Brian Concannon, executive director of the Boston-based Institute for Justice and Democracy in Haiti, said victims’ advocates will be watching the U.N.’s actions closely. They have 90 days to decide whether to appeal to the U.S. Supreme Court.
“We will decide how to proceed based on whether the U.N.’s actions fulfill the cholera victims’ rights to an effective remedy,” Concannon said in a statement.
Researchers say there is ample scientific evidence the disease was introduced to Haiti’s biggest river by inadequately treated sewage from a base of U.N. peacekeepers from Nepal, one of the units that have rotated in and out of a multinational force in Haiti since 2004.
Cholera is caused by bacteria that produces severe diarrhea and is contracted by eating or drinking contaminated food or water. It can lead to a rapid, painful death through complete dehydration, but is easily treatable if caught in time.
Nearly six years later, there has been scant progress addressing the chronic lack of sanitation and access to clean water that allow the disease to flourish.
Some Haitians expressed exasperation that the U.N. mission, known by its French acronym Minustah, took so long to acknowledge its role.
“So now they are going to find a way to clean the disease from the country? It has been here for years and it seems like it is here to stay,” Jhony Nordlius said as he pushed a wheelbarrow past a fetid canal where children were splashing and collecting garbage.
In a densely packed cluster of shacks where cholera flares up each year, residents who heard about the U.N.’s admission were hopeful they might get compensation. Gerda Blot said she and her daughter were hospitalized for several days in 2014 after drinking tainted water.
“I spent a lot of savings getting well. And I know it is still out there, that cholera disease,” she said outside her plywood and sheet metal home.
Cholera has killed more than 9,300 Haitians and sickened over 800,000. It showed up some 10 months after a devastating earthquake, deepening the country’s misery at a time when it was ill-equipped to cope with another crisis.

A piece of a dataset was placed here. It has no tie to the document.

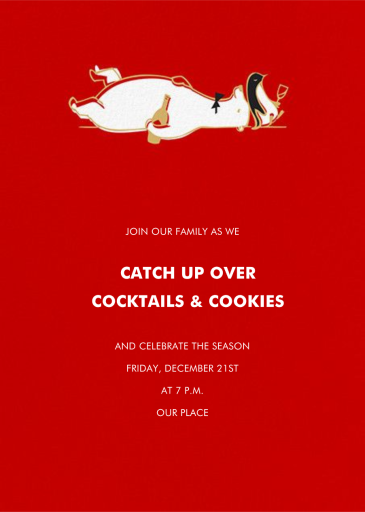 Liquored Up In Lapland - Holiday Party Invitation by Paperless Post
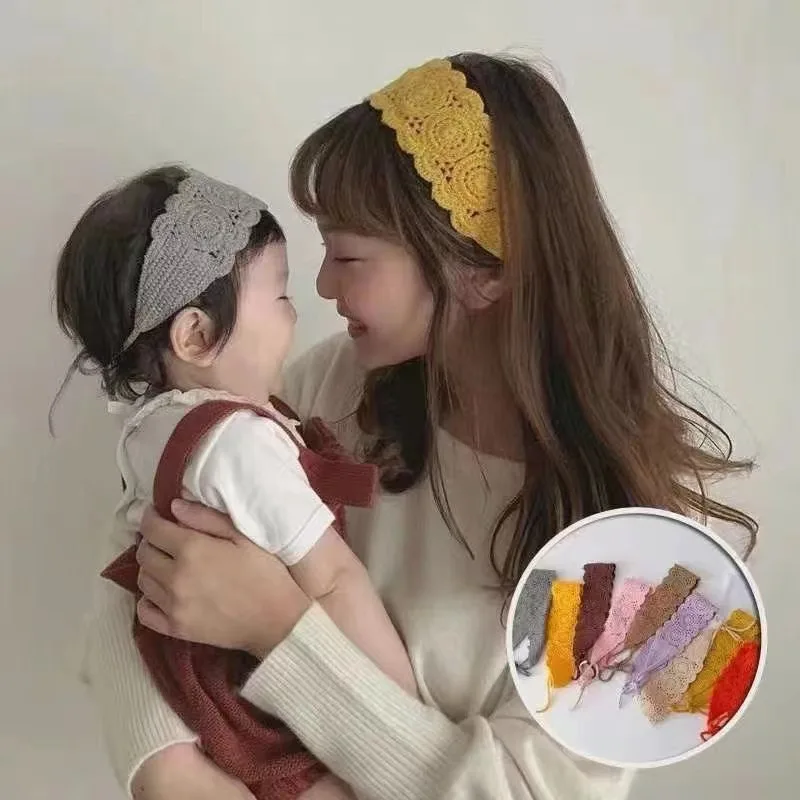 Baby Headband Girls Hollow Hairbands Woolen For Children Candy Color Head Band Infant Spring Summer Hair Accessories Korean hair accessories hair bands hair headband accessories baby headband set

The disease is now considered “endemic” in Haiti, meaning it’s an illness that occurs regularly.
Health workers are hopeful that the U.N. has made a critical step forward by finally acknowledging its role in the cholera outbreak.
“We look forward to the new response the U.N. plans to unveil, and we continue to call on the organization to devote additional resources,” said Dr. Gary Gottlieb of Boston-based Partners in Health, an NGO which operates clinics and hospitals in 12 locations in Haiti.